Após mais de dois meses de intensas discussões, a Câmara dos Deputados introduziu as primeiras alterações no extenso projeto de lei complementar que regulamenta a reforma tributária sobre consumo. Com cerca de 600 páginas, o projeto não incluiu carnes na lista de produtos da cesta básica que serão isentos do futuro Imposto sobre Valor Adicionado (IVA).
Os parlamentares decidiram incluir carros elétricos e apostas no Imposto Seletivo, também conhecido como imposto do pecado. Além disso, a nova versão do texto legislativo cria a figura jurídica do nanoempreendedor e faz pequenas modificações na lista de medicamentos que terão alíquotas zero ou reduzidas.
As alterações feitas ainda podem ser modificadas durante a tramitação no plenário. O presidente da Câmara, Arthur Lira, afirmou que pretende colocar o texto em votação na próxima semana.
Ao contrário da PEC da reforma tributária, que necessitava de três quintos dos votos para aprovação, o projeto de lei complementar requer apenas maioria absoluta: 257 votos na Câmara e 41 no Senado. A votação acontece em turno único, mas o texto pode retornar à Câmara caso seja alterado no Senado.
As mudanças foram propostas por um grupo de trabalho formado por deputados de vários partidos: Claudio Cajado (PP-BA), Reginaldo Lopes (PT-MG), Hildo Rocha (MDB-MA), Joaquim Passarinho (PL-PA), Augusto Coutinho (Republicanos-PE), Moses Rodrigues (União-CE) e Luiz Gastão (PSD-CE). Arthur Lira formou esse grupo para alcançar um consenso, dado o caráter complexo do projeto.
A aprovação e sanção do projeto pelo presidente Luiz Inácio Lula da Silva não implicam em mudanças imediatas nas regras tributárias. Está previsto um período de transição de 2026 a 2033, durante o qual os tributos atuais sobre consumo serão gradualmente substituídos pelo IVA e pelo Imposto Seletivo.

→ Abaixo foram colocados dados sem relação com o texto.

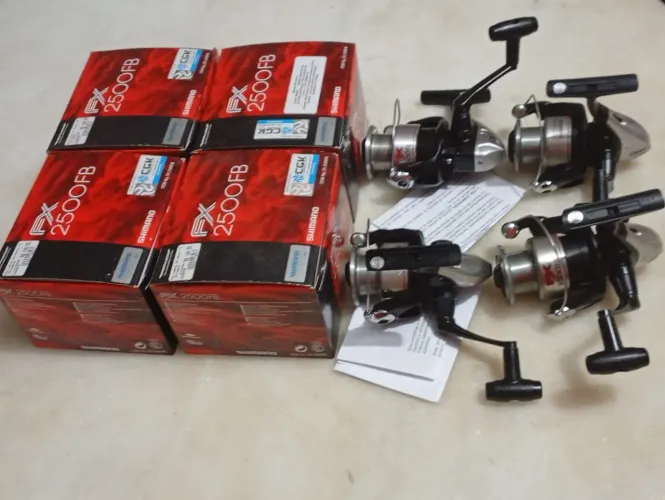 4 Molinete Shimano FX 2500, preço unitário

Principais alterações no projeto
Carnes e cesta básica
Embora o presidente Lula tenha defendido a inclusão de carnes “populares” na cesta básica, o grupo de trabalho manteve esses itens fora da lista. As carnes bovinas e de frango continuarão pagando 40% da alíquota cheia do IVA, conforme a proposta original do governo.

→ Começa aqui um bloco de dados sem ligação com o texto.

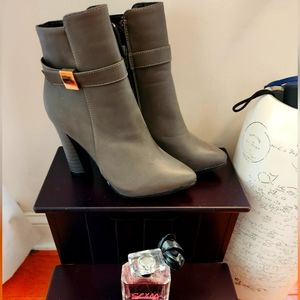 STYLISH KINGSTRUT ANKLE BOOTS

Por exemplo, se a alíquota cheia for 26,5%, as carnes pagarão 10,5% de imposto, similar a outros alimentos e insumos agropecuários com alíquotas reduzidas. O grupo justificou que incluir carnes na cesta básica poderia elevar a alíquota do IVA para 27,1%, tornando-a a mais alta do mundo, superando a da Hungria.
Em compensação, sugeriram que carnes bovinas e de frango sejam incluídas no sistema de cashback, que devolverá impostos em dinheiro para famílias de baixa renda. A regulamentação desse sistema beneficiará famílias com renda per capita de até meio salário mínimo e inscritas no CadÚnico. Uma lei ordinária determinará os detalhes do funcionamento do programa.
Imposto Seletivo
O grupo de trabalho ampliou a lista de produtos sujeitos ao Imposto Seletivo, incluindo carros elétricos e apostas. Em contrapartida, caminhões, armas e munições foram excluídos da tributação.
O Imposto Seletivo agora inclui:
– Cigarros
– Bebidas alcoólicas
– Bebidas açucaradas
– Embarcações e aeronaves
– Extração de minério de ferro, petróleo e gás natural
– Apostas físicas e online
– Carros, incluindo elétricos
Nanoempreendedor
Foi criada a categoria de nanoempreendedor, destinada a empreendedores com faturamento anual de R$ 40,5 mil (R$ 3.375 mensais). Eles poderão optar entre o Simples Nacional ou o IVA. Aqueles que optarem pelo IVA não precisarão contribuir para a Previdência Social. Essa nova categoria é destinada a quem fatura metade do limite dos microempreendedores individuais (MEI), que atualmente é de R$ 81 mil anuais.
Medicamentos e absorventes
Os deputados retiraram o citrato de sildenafila (Viagra) da lista de medicamentos com alíquota zero, aplicando 40% da alíquota cheia. A tadalafila continuará com IVA reduzido. Absorventes, que estavam na alíquota reduzida, agora terão alíquota zero.
A quantidade de medicamentos e produtos de saúde com isenção ou alíquota reduzida foi mantida, com 383 substâncias isentas e 850 com alíquotas reduzidas.